Sulfide kesterite Cu₂ZnSnS₄ provides an attractive low-cost, environmentally benign and stable photovoltaic material, yet the record power conversion efficiency for such solar cells has been stagnant at around 9% for years. Severe non-radiative recombination within the heterojunction region is a major cause limiting voltage output and overall performance. Here we report a certified 11% efficiency Cu₂ZnSnS₄ solar cell with a high 730 mV open-circuit voltage using heat treatment to reduce heterojunction recombination. This heat treatment facilitates elemental inter-diffusion, directly inducing Cd atoms to occupy Zn or Cu lattice sites, and promotes Na accumulation accompanied by local Cu deficiency within the heterojunction region. Consequently, new phases are formed near the hetero-interface and more favourable conduction band alignment is obtained, contributing to reduced non-radiative recombination. Using this approach, we also demonstrate a certified centimetre-scale (1.11 cm²) 10% efficiency Cu₂ZnSnS₄ photovoltaic device; the first kesterite cell (including selenium-containing) of standard centimetre-size to exceed 10%.
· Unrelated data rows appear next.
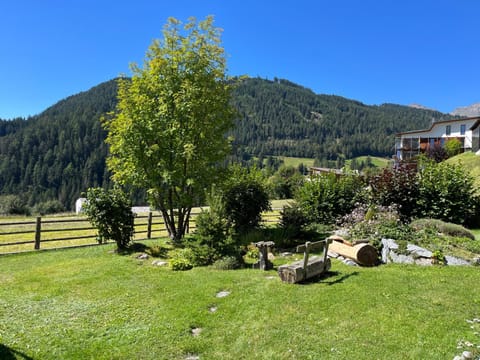 Summer, Garden, Autumn, Garden view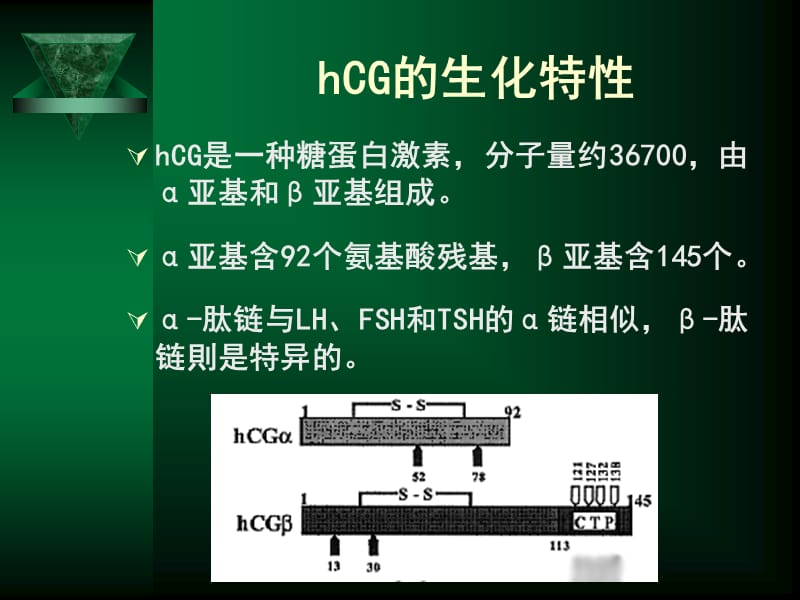 HCG定量检测的意义.ppt_第3页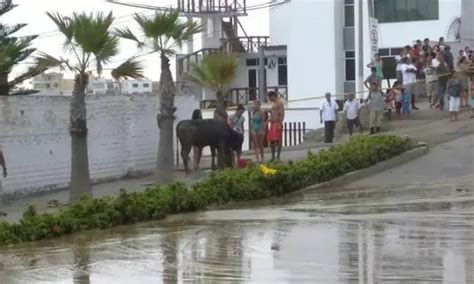 Punta Hermosa huaico arrastró vacas hasta la orilla del mar Canal N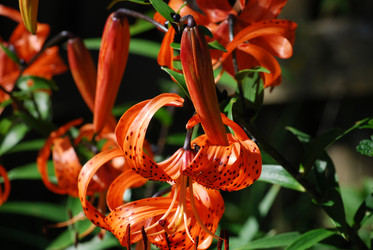 Similar image 22578017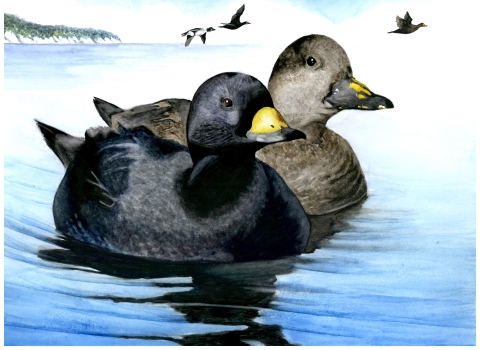 two black ducks with yellow bills swim next to each other, while three black ducks fly overhead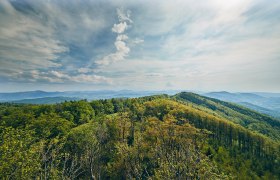 Schöpfl und Gföhlberg, © Wienerwald Schöpfl und Gföhlberg, © Wienerwald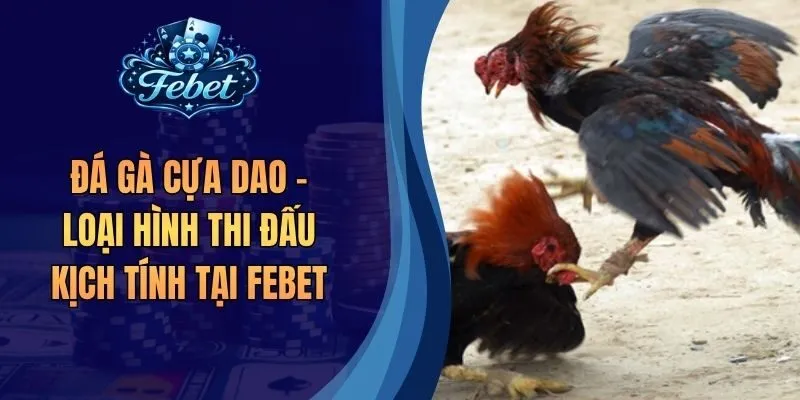 Đá Gà Cựa Dao - Loại Hình Thi Đấu Kịch Tính Tại Febet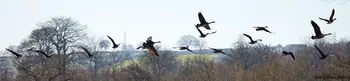 Flock of geese low altitude.jpg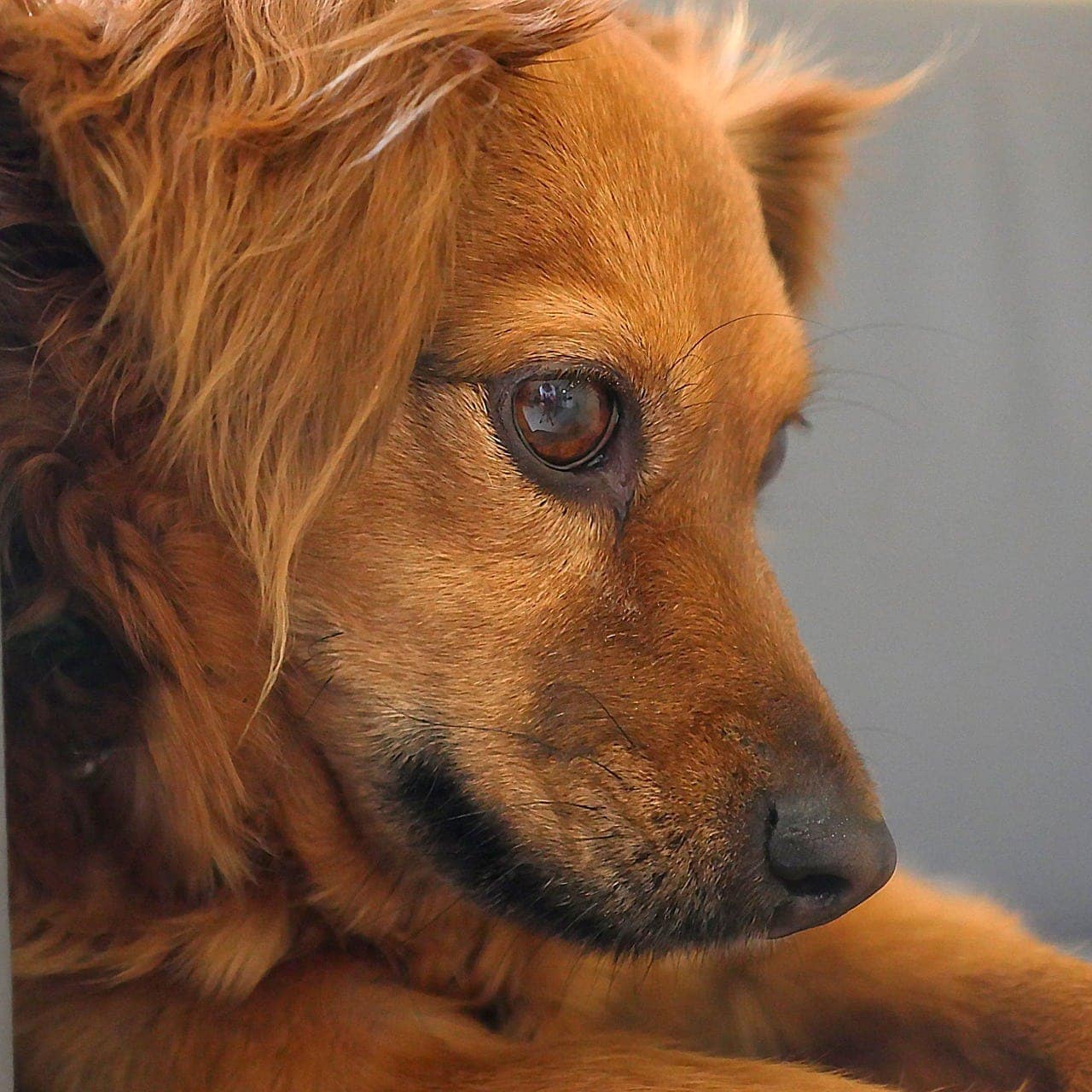 close up dog with Supraorbital Whiskers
硫化亚硫酸氢钙石Cu ₂ ZnSnS ₄提供了一种有吸引力的低成本，对环境无害且稳定的光伏材料，但是多年来这种太阳能电池的创纪录功率转换效率一直停滞在9％左右。异质结区内的严重非辐射复合是限制电压输出和整体性能的主要原因。在这里，我们报告经认证的11％效率Cu ₂ ZnSnS ₄具有较高730 mV开路电压的太阳能电池，通过热处理来减少异质结复合。这种热处理有利于元素相互扩散，直接诱导Cd原子占据Zn或Cu晶格位点，并促进Na积累，并在异质结区域内伴随局部Cu缺乏。因此，在异质界面附近形成新的相，并且获得了更有利的导带对准，从而有助于减少非辐射复合。使用这种方法，我们还演示了认证的厘米级（1.11 cm ²）10％效率的Cu ₂ ZnSnS ₄光电器件；第一个标准厘米大小的钾钛矿电池（包括含硒）超过10％。